(Beginning of Material for this exercise)

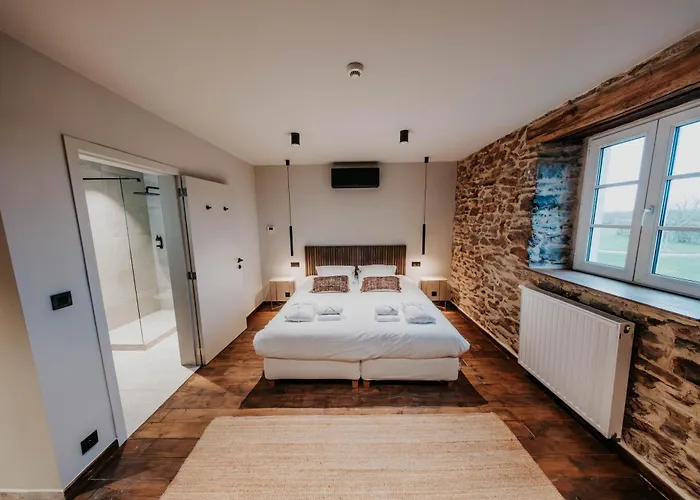 Domaine Sur Les Sarts 4* Ohey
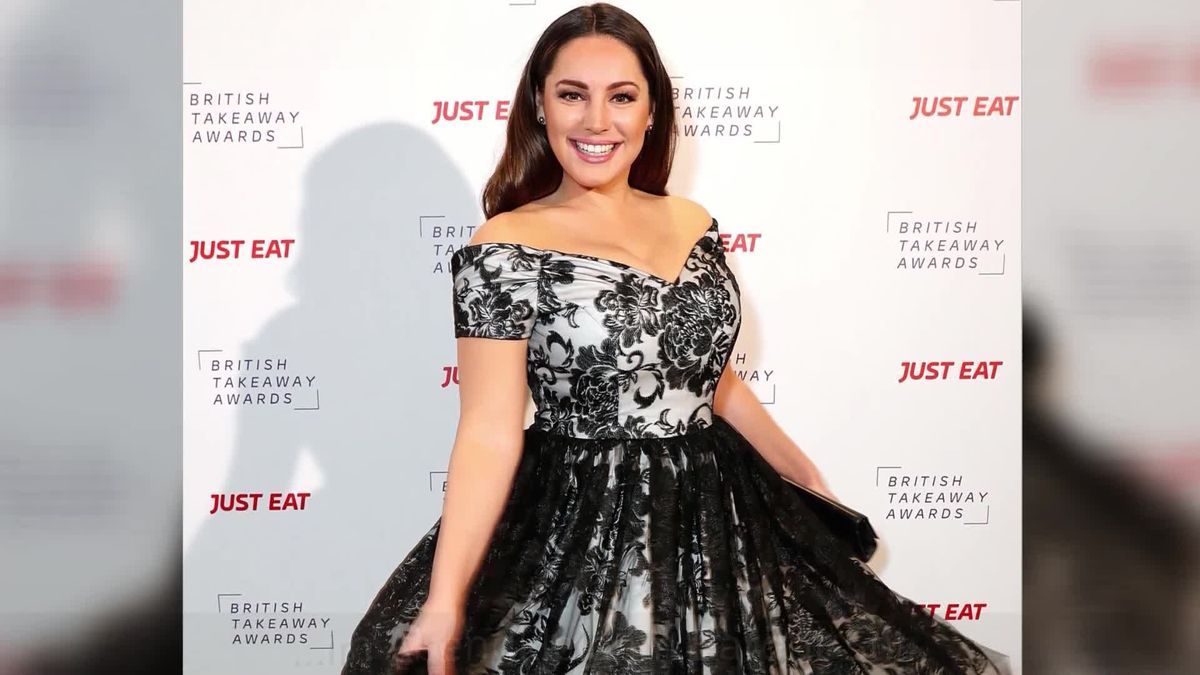 Da hilft auch das XXL-Dekolleté nichts mehr: Kurvenwunder Kelly Brook im unvorteilhaften Abendkleid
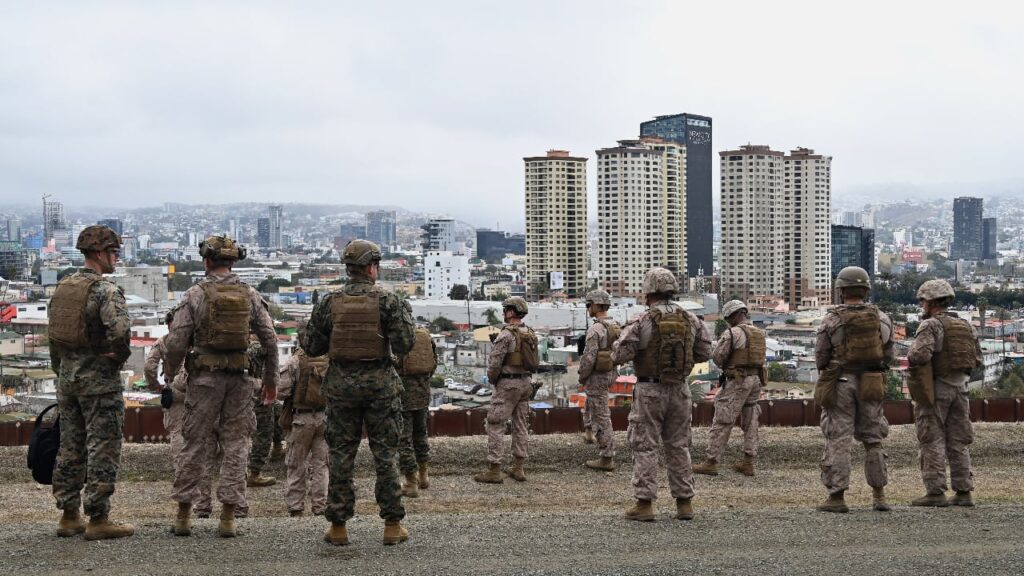 США відправляють додому майже мільйон мігрантів, біженці з України залишаються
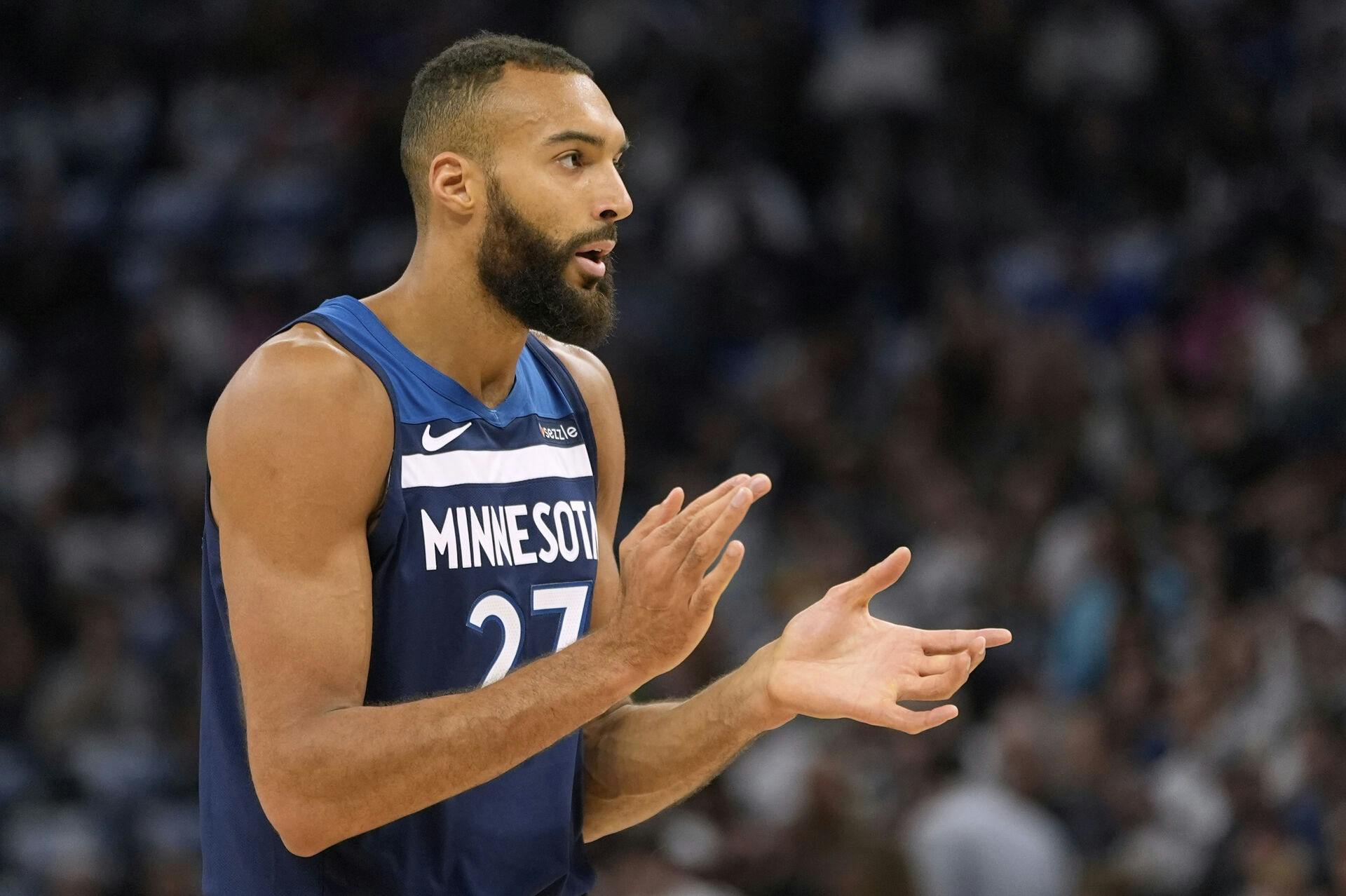 Minnesota Timberwolves-stjernen Rudy Gobert er gået fra sin gravide kæreste Julia Bonilla. Efter bruddet skulle han angiveligt have smidt kæresten og deres etårige søn ud af hjemmet.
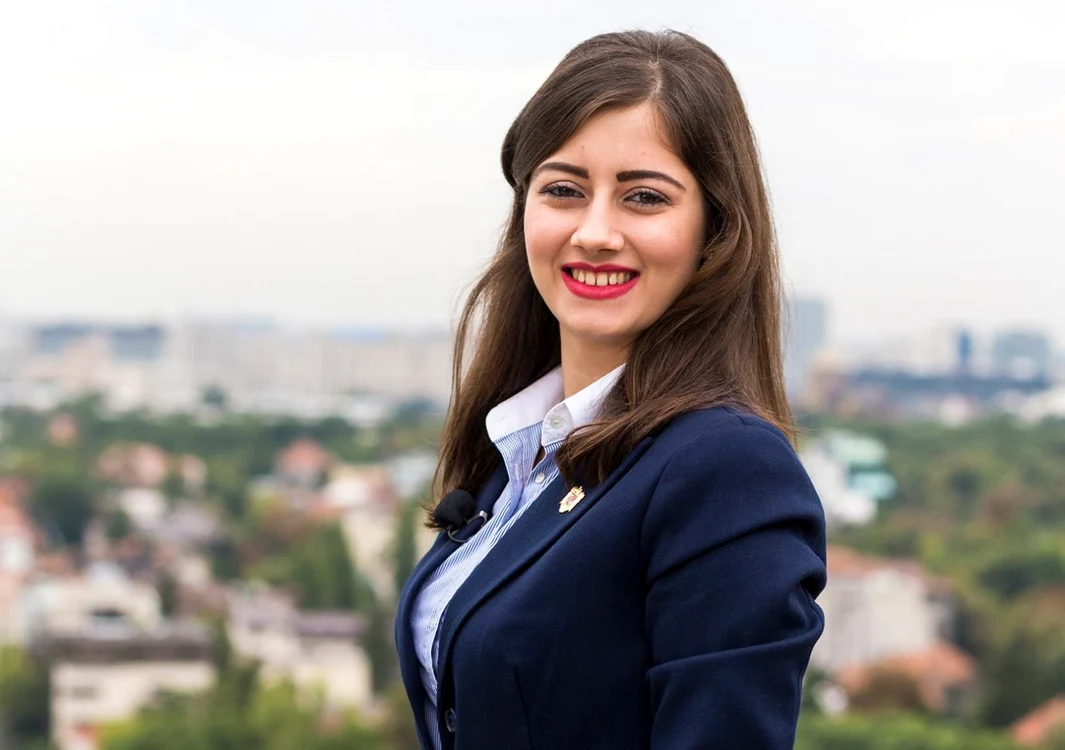 Sorina Banu a absolvit liceul cu media 9,80
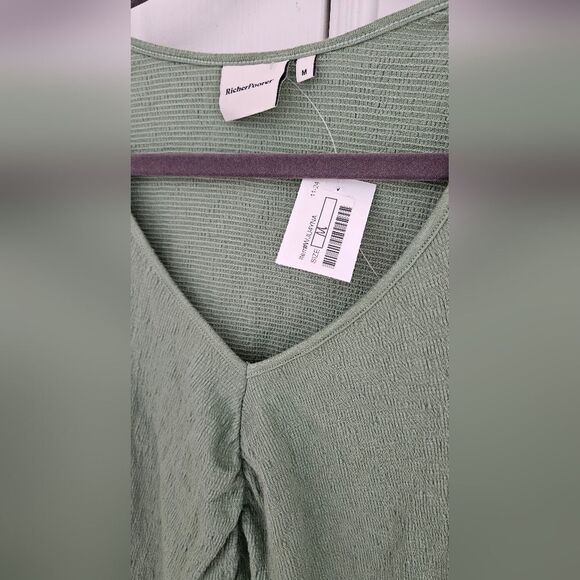 Nwt Richer Poorer Elegant Green Women's Top - Picture 5 of 5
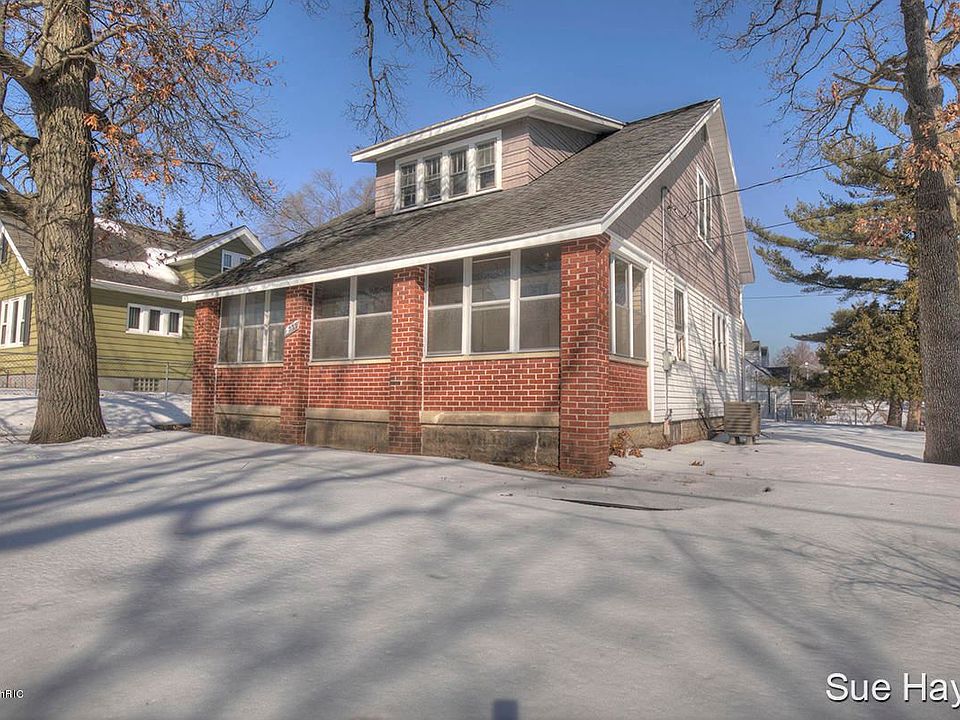 1st image of 2335 Thornwood St SW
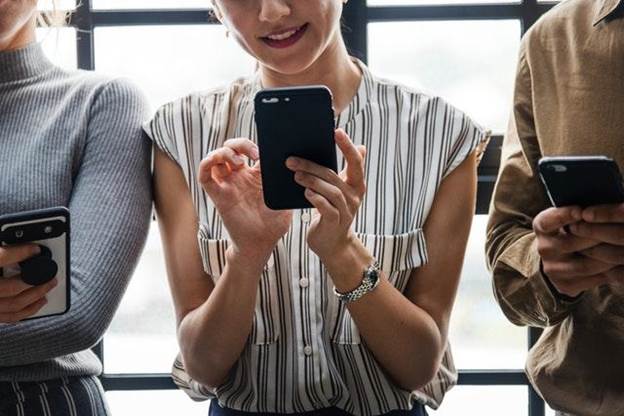 Cross-platform vs. single platform development - Here's what you should know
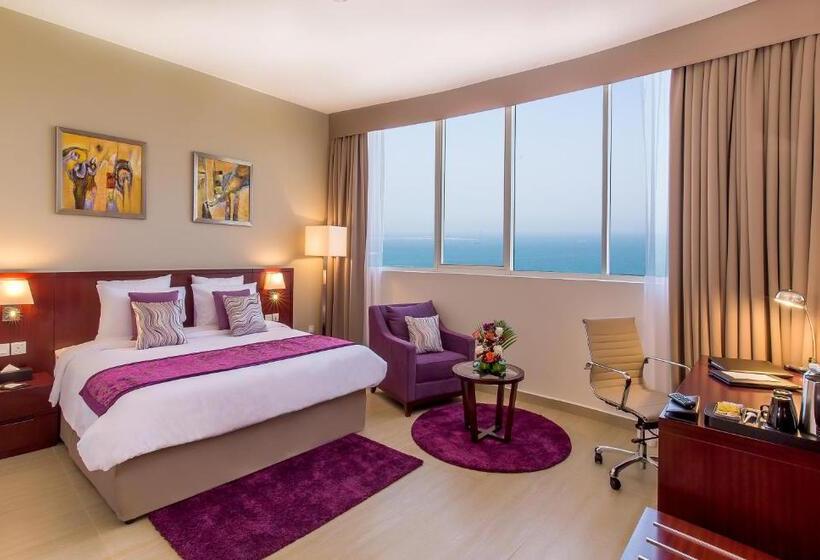Люкс Семейный 2 Спальни, V Hotel Fujairah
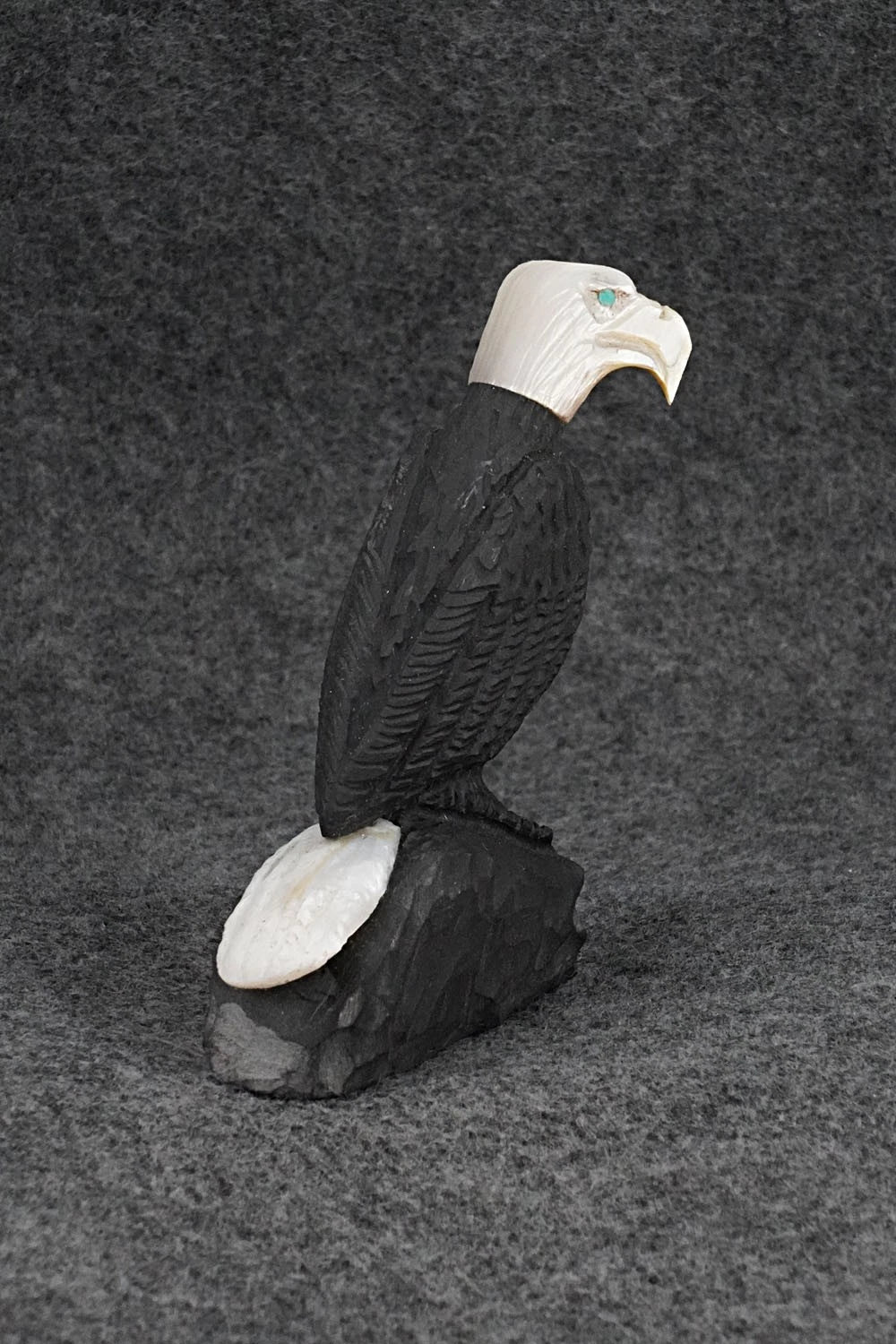 Bald Eagle Zuni Fetish Carving - Fenton Luna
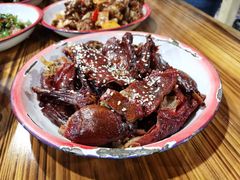 酱鸭-老三样·美食研究中心(世贸路店)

(End of Material for this exercise)

**What this task involves**. The copy must start at the line containing "Minnesota Timberwolves-stjernen Rudy" and end at the last line of the data, matching each line exactly. It must hold no pictures.

**Finished exercise**.
 Minnesota Timberwolves-stjernen Rudy Gobert er gået fra sin gravide kæreste Julia Bonilla. Efter bruddet skulle han angiveligt have smidt kæresten og deres etårige søn ud af hjemmet.
 Sorina Banu a absolvit liceul cu media 9,80
 Nwt Richer Poorer Elegant Green Women's Top - Picture 5 of 5
 1st image of 2335 Thornwood St SW
 Cross-platform vs. single platform development - Here's what you should know
Люкс Семейный 2 Спальни, V Hotel Fujairah
 Bald Eagle Zuni Fetish Carving - Fenton Luna
 酱鸭-老三样·美食研究中心(世贸路店)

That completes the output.